Given records ->
-- Opening Marker --

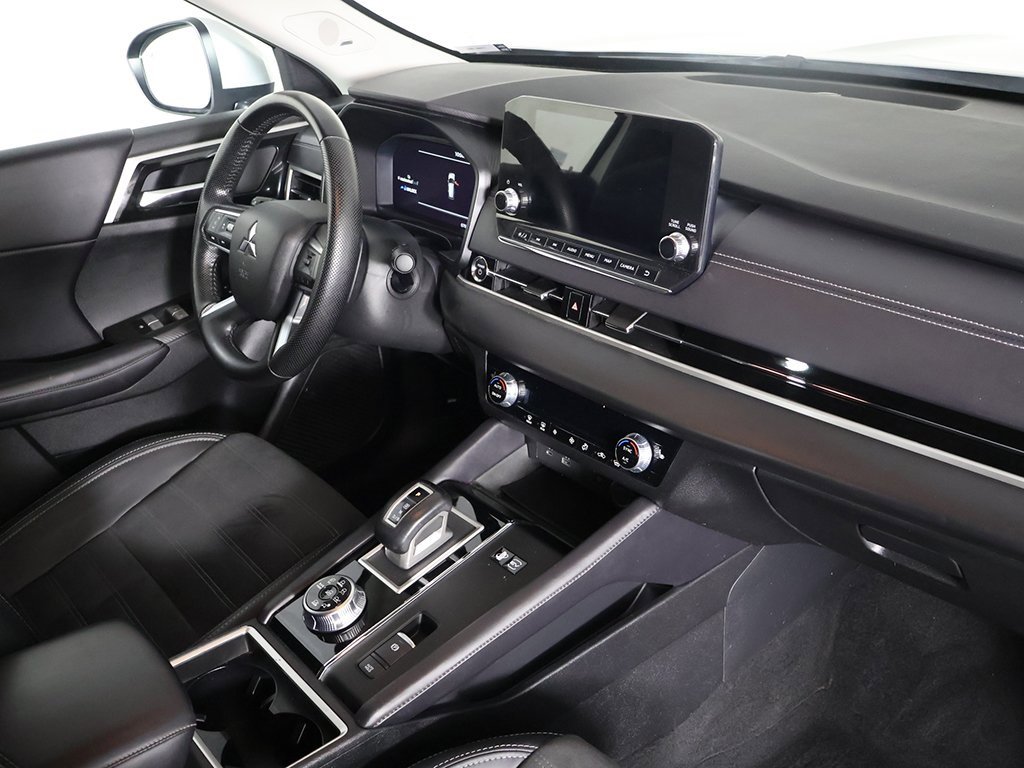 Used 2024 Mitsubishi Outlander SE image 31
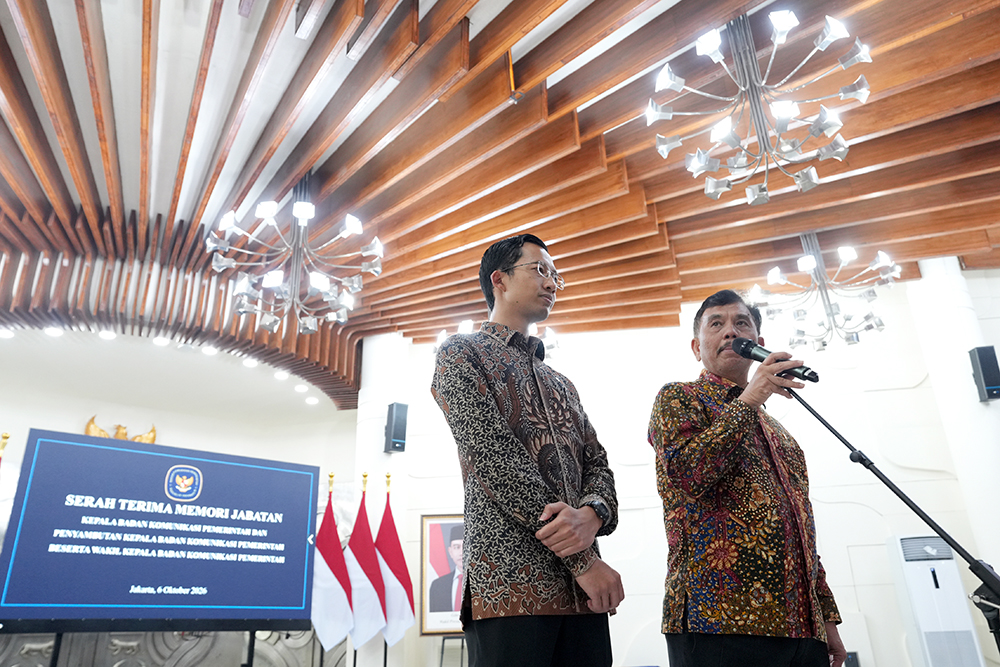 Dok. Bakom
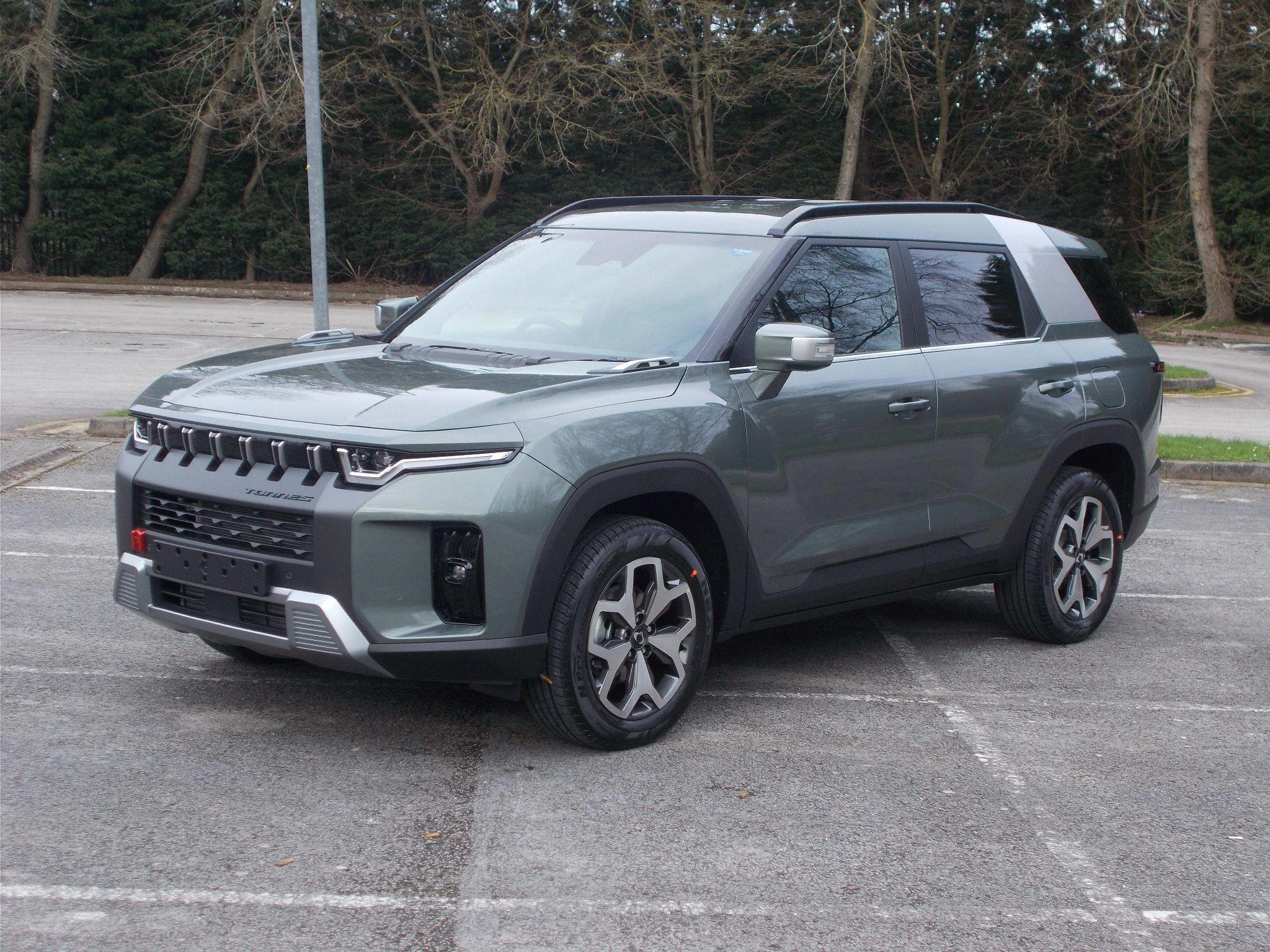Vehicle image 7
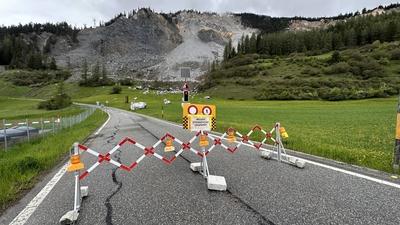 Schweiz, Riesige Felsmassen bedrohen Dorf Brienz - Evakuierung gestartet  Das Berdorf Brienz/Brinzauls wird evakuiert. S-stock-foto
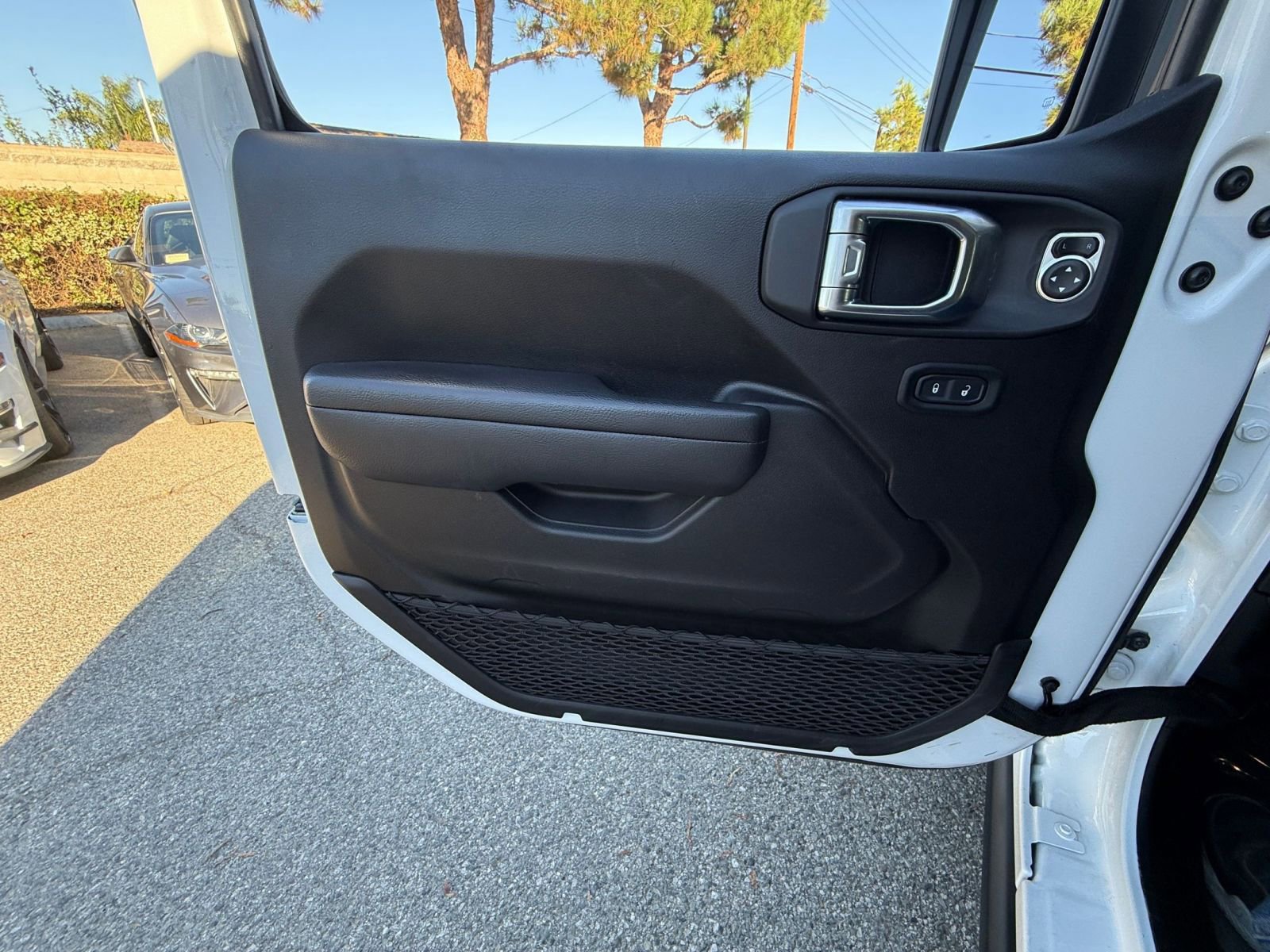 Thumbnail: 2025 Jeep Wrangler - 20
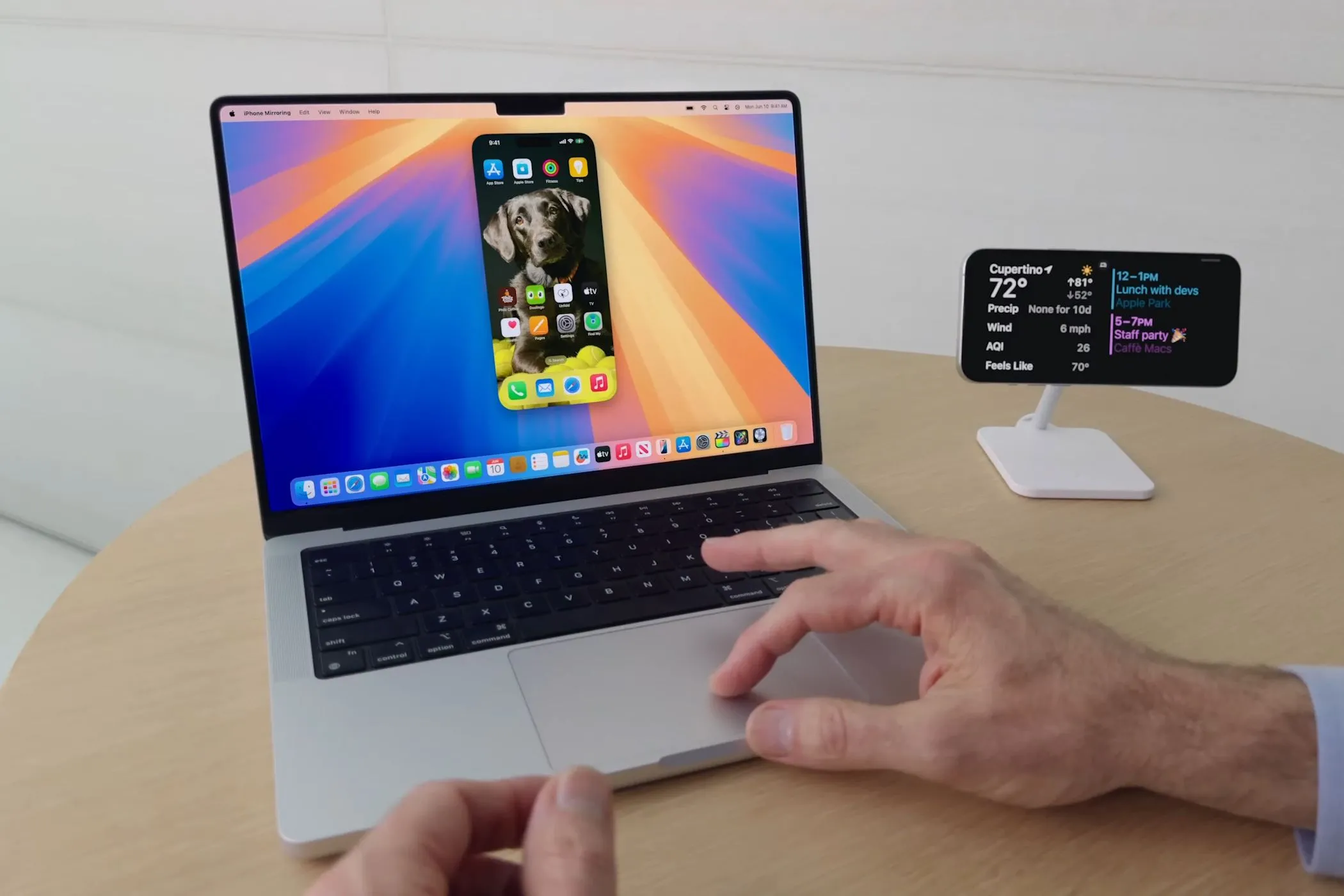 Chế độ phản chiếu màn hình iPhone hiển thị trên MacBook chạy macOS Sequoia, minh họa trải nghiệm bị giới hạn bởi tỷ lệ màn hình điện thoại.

-- Closing Marker --

Problem requirements ->
Working from the line with "Vehicle image 7" down through the last line of the records, give every line again exactly, but no pictures.

Solved problem ->
Vehicle image 7
 Schweiz, Riesige Felsmassen bedrohen Dorf Brienz - Evakuierung gestartet  Das Berdorf Brienz/Brinzauls wird evakuiert. S-stock-foto
 Thumbnail: 2025 Jeep Wrangler - 20
 Chế độ phản chiếu màn hình iPhone hiển thị trên MacBook chạy macOS Sequoia, minh họa trải nghiệm bị giới hạn bởi tỷ lệ màn hình điện thoại.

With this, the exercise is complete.